NSF Research Award Funds Storage Design for Scientific Big Data


Stony Brook, NY – September, 2013

Faculty from Stony Brook University’s (SBU) Department of Computer Science recently received research funding through the National Science Foundation (NSF) Big Data Science & Engineering program. The award of over $400,000 will be used by Stony Brook University Professors Erez Zadok, Michael Bender, and Rob Johnson to improve the performance and reliability of the Hierarchical Data Format (HDF5), a container format for scientific data.

The research proposal, “BIGDATA: Small: DCM: Collaborative Research: An efficient, scalable, and portable storage system for scientific data containers” is a collaboration with Prof. Liuba Shrira at Brandeis University and Prof. Werner Benger at Louisiana State University (LSU). The proposed research is based on the knowledge that big data sets are becoming too large and complex to fit in computer memory. This funding allows researchers to design new data structures and algorithms that will aid in improving performance by reducing searching and indexing costs of massive data. Additionally, to address data vulnerabilities and improve provenance, researchers will use recent results from algorithms, database, and storage research to improve the reliability of standard scientific data formats.

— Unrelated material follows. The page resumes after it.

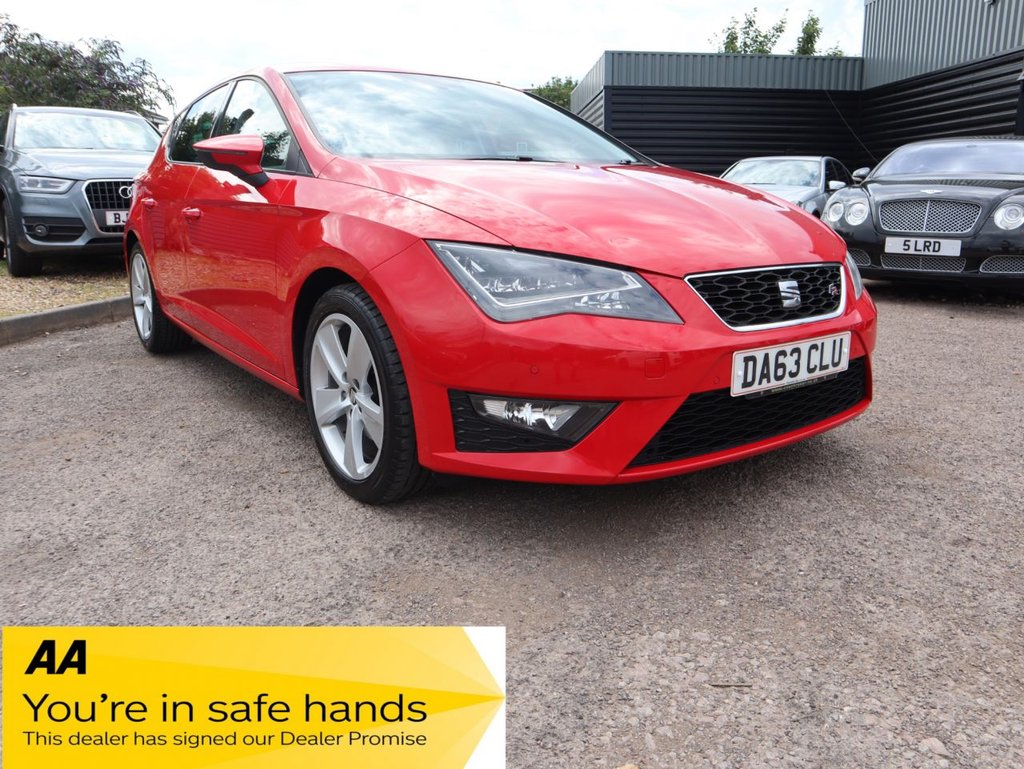 View our SEAT LEON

Researchers will develop snapshots support in HDF5, critical for error recovery, and design new data structures and algorithms to scale HDF5 data access on modern storage devices. By designing several new HDF5 drivers—mapping objects to a Linux file system, storing objects in a database, and accessing data objects on remote Web servers—researchers aim to improve the efficiency of big data storage and processing. These improvements are evaluated by the team using large-scale visualization applications with big data, stemming from real-world scientific computations, such as those that run on Stony brook’s recently launched Reality Deck (RD).

An educational outcome of the research is the exposure of future computer scientists at each institution to practical scientific big data management. Additionally, techniques and discoveries surrounding data storage systems and data structures will influence other scientific domains and society.